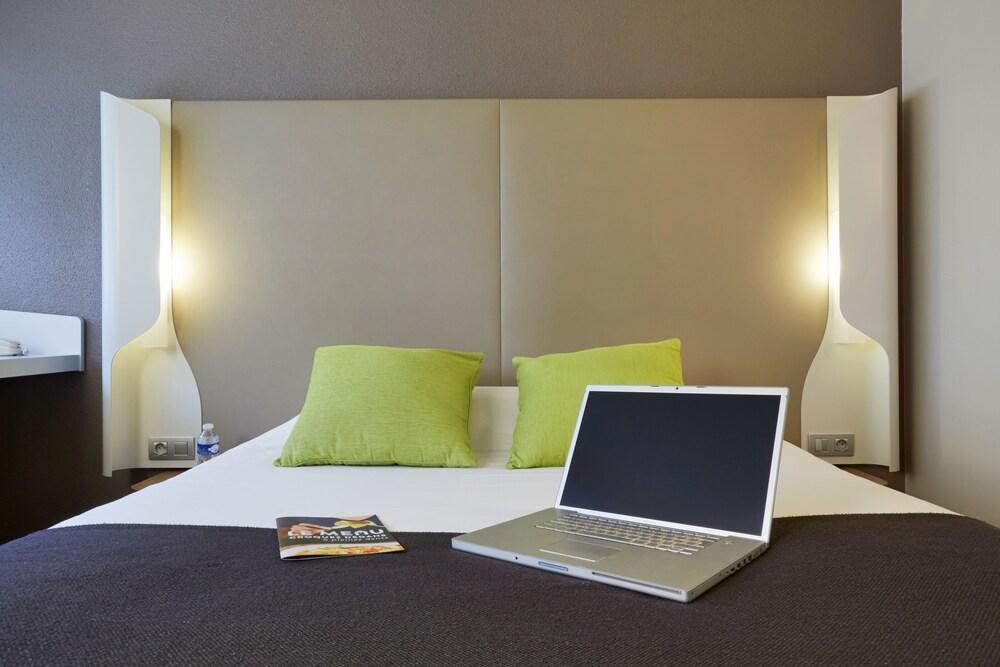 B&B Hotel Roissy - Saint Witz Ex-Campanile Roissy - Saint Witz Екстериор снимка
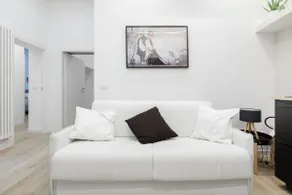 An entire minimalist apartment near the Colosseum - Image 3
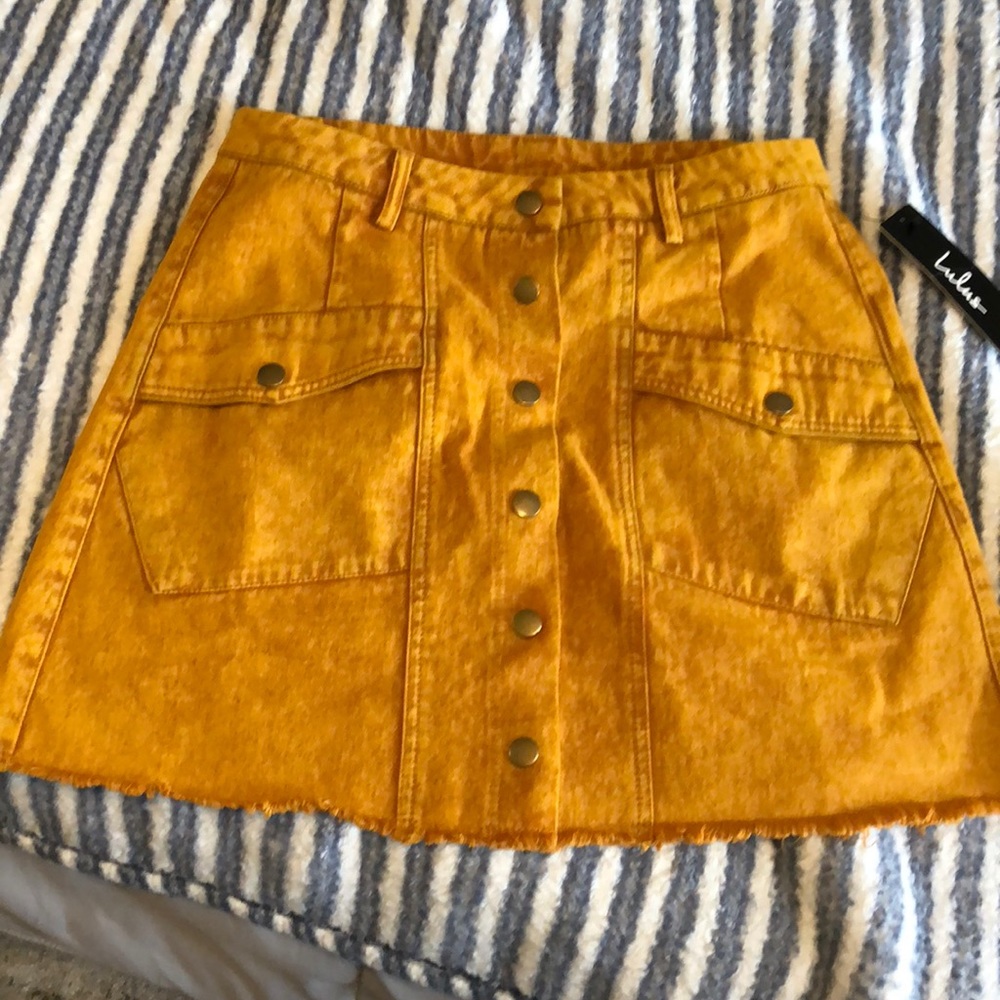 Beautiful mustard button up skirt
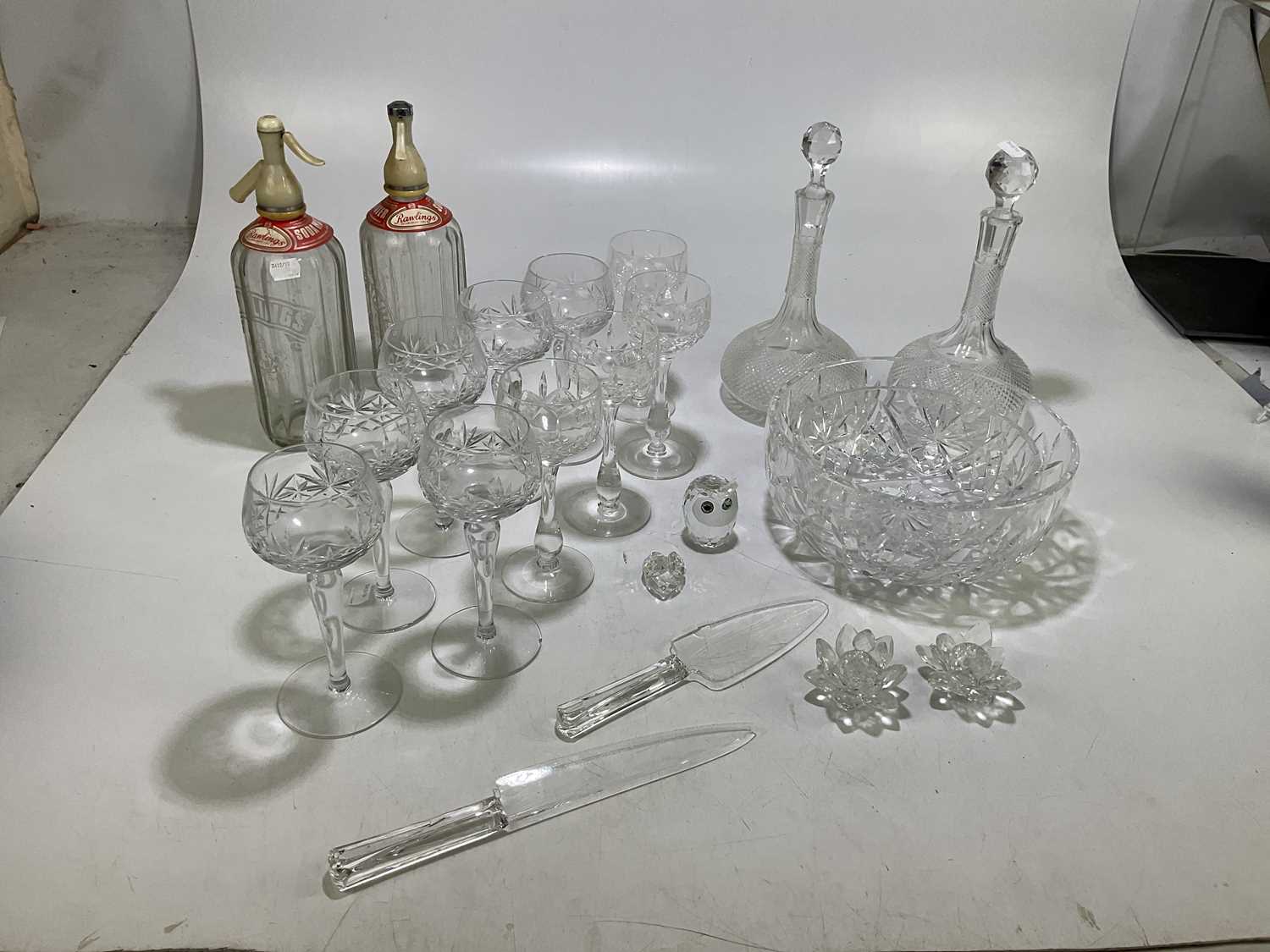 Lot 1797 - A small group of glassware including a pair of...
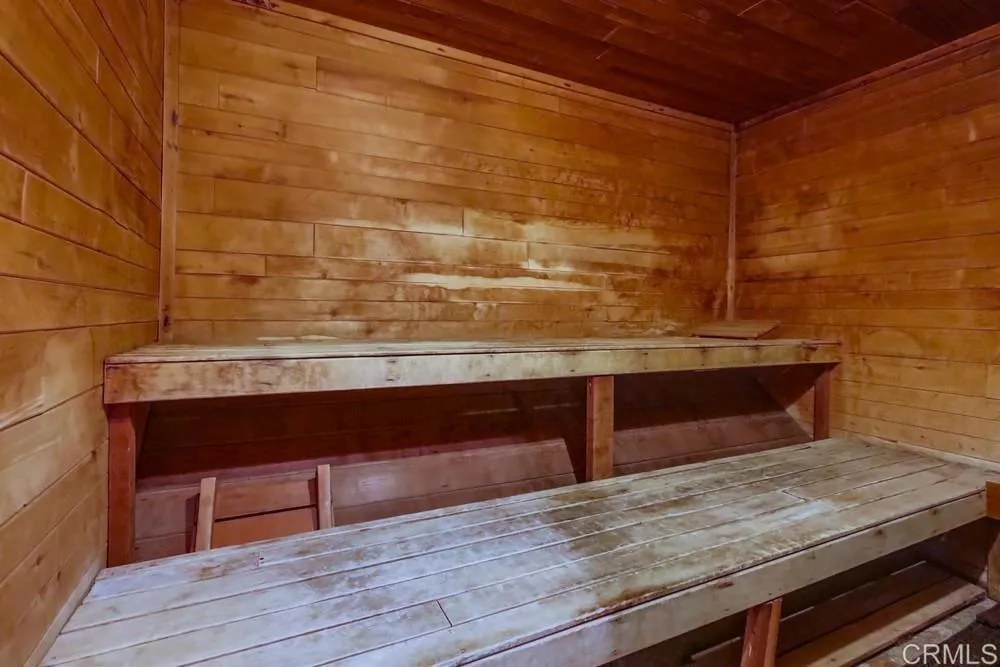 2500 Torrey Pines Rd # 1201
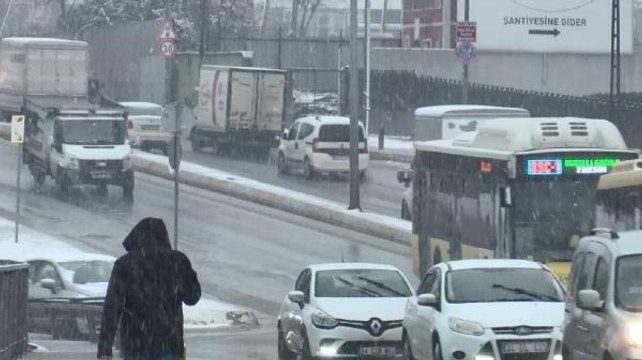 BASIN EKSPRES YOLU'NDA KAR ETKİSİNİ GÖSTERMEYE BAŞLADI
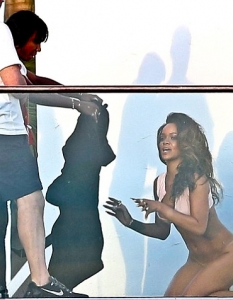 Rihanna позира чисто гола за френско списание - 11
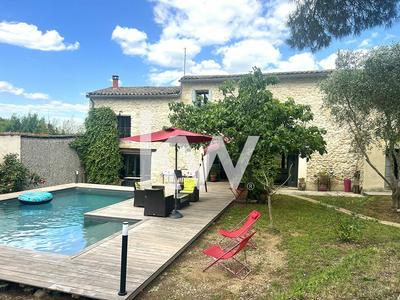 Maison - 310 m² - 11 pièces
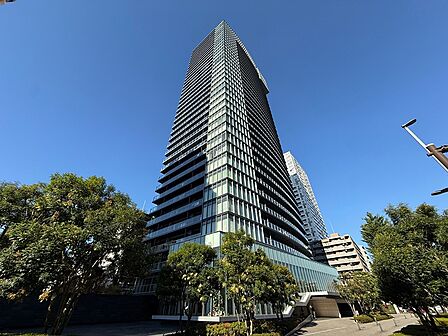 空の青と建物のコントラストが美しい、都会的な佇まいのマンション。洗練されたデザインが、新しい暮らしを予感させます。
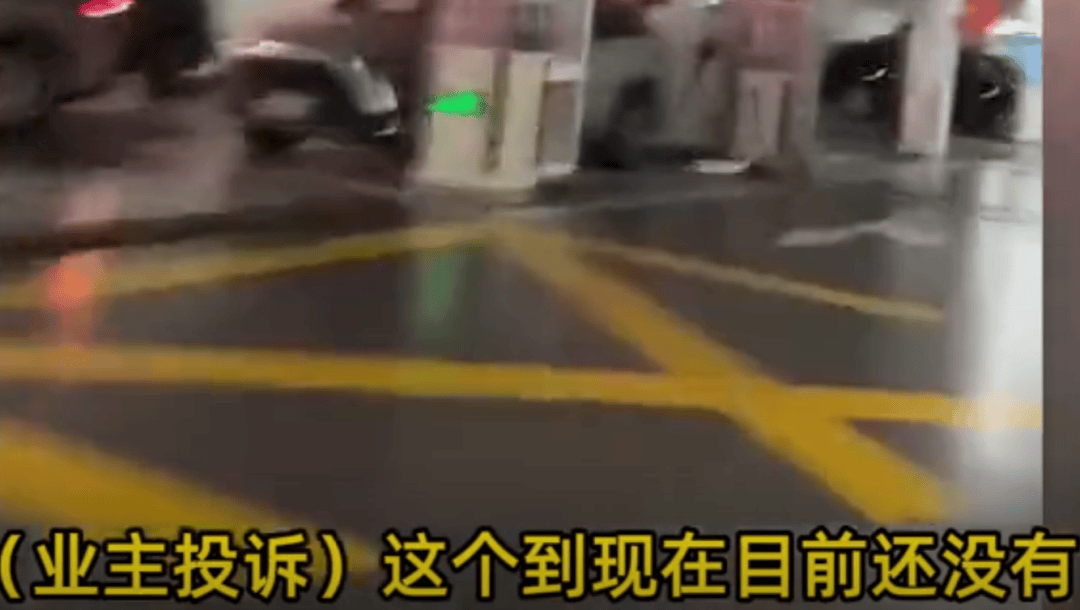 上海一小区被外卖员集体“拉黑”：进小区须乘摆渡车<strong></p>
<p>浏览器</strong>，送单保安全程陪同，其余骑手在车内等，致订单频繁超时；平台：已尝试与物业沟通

**Problem details:** Everything in the data except the pictures must appear in your answer unchanged.

**Written answer:**
 B&B Hotel Roissy - Saint Witz Ex-Campanile Roissy - Saint Witz Екстериор снимка
 An entire minimalist apartment near the Colosseum - Image 3
 Beautiful mustard button up skirt
 Lot 1797 - A small group of glassware including a pair of...
 2500 Torrey Pines Rd # 1201
 BASIN EKSPRES YOLU'NDA KAR ETKİSİNİ GÖSTERMEYE BAŞLADI
 Rihanna позира чисто гола за френско списание - 11
 Maison - 310 m² - 11 pièces
 空の青と建物のコントラストが美しい、都会的な佇まいのマンション。洗練されたデザインが、新しい暮らしを予感させます。
 上海一小区被外卖员集体“拉黑”：进小区须乘摆渡车<strong></p>
<p>浏览器</strong>，送单保安全程陪同，其余骑手在车内等，致订单频繁超时；平台：已尝试与物业沟通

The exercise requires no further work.